Feature engineering
Feature engineering, a preprocessing step in supervised machine learning and statistical modeling,[1] transforms raw data into a more effective set of inputs. Each input comprises several attributes, known as features. By providing models with relevant information, feature engineering significantly enhances their predictive accuracy and decision-making capability.[2][3][4]
Beyond machine learning, the principles of feature engineering are applied in various scientific fields, including physics. For example, physicists construct dimensionless numbers such as the Reynolds number in fluid dynamics, the Nusselt number in heat transfer, and the Archimedes number in sedimentation. They also develop first approximations of solutions, such as analytical solutions for the strength of materials in mechanics.[5]
Clustering[edit]
One of the applications of Feature Engineering has been clustering of feature-objects or sample-objects in a dataset. Especially, feature engineering based on matrix/tensor decompositions have been extensively used for data clustering under non-negativity constraints on the feature coefficients. These include Non-Negative Matrix Factorization (NMF)[6], Non-Negative Matrix-Tri Factorization (NMTF)[7], Non-Negative Tensor Decomposition/Factorization (NTF/NTD)[8] etc. The non-negativity constraints on coefficients of the feature vectors mined by above-stated algorithms yields a part-based representation and different factor matrices exhibit natural clustering properties. Several extensions of the above-stated feature engineering methods have been reported in literature, including Orthogonality constrained factorization for hard clustering and manifold learning to overcome inherent issues with these algorithms.
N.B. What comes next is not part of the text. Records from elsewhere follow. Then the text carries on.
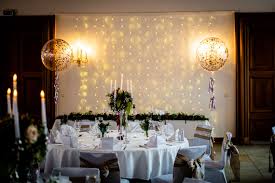 The castle of herten is a water castle in herten and was first mentioned in 1376. Hochzeit Schloss Herten Hochzeitsfotograf Recklinghausen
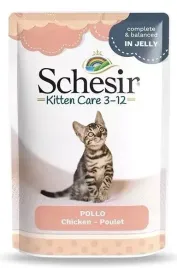 schesir-or-kitten-care-or-karma-mokra-dla-kociat-saszetka-kurczak-w-galaretce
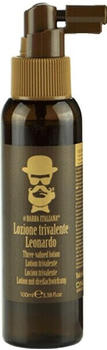 Barba Italiana Leonardo Lotion (60ml)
Other class of feature engineering algorithms include leveraging common hidden structure across multiple inter-related datasets to obtain a consensus (common) clustering scheme. Examples include Multi-view Classification based on Consensus Matrix Decomposition (MCMD)[9] algorithm which mines common clustering scheme across multiple datasets. The algorithm is designed to output two types of class labels (scale-variant and scale-invariant clustering), is computational robustness to missing information, can obtain shape and scale based outliers and can handle high dimensional data effectively. Coupled matrix and tensor decompositions are popularly used in multi-view feature engineering[10].
Feature engineering in machine learning and statistical modeling involves selecting, creating, transforming, and extracting data features. Key components include feature creation from existing data, transforming and imputing missing or invalid features, reducing data dimensionality through methods like Principal Components Analysis (PCA), Independent Component Analysis (ICA), and Linear Discriminant Analysis (LDA), and selecting the most relevant features for model training based on importance scores and correlation matrices.[11]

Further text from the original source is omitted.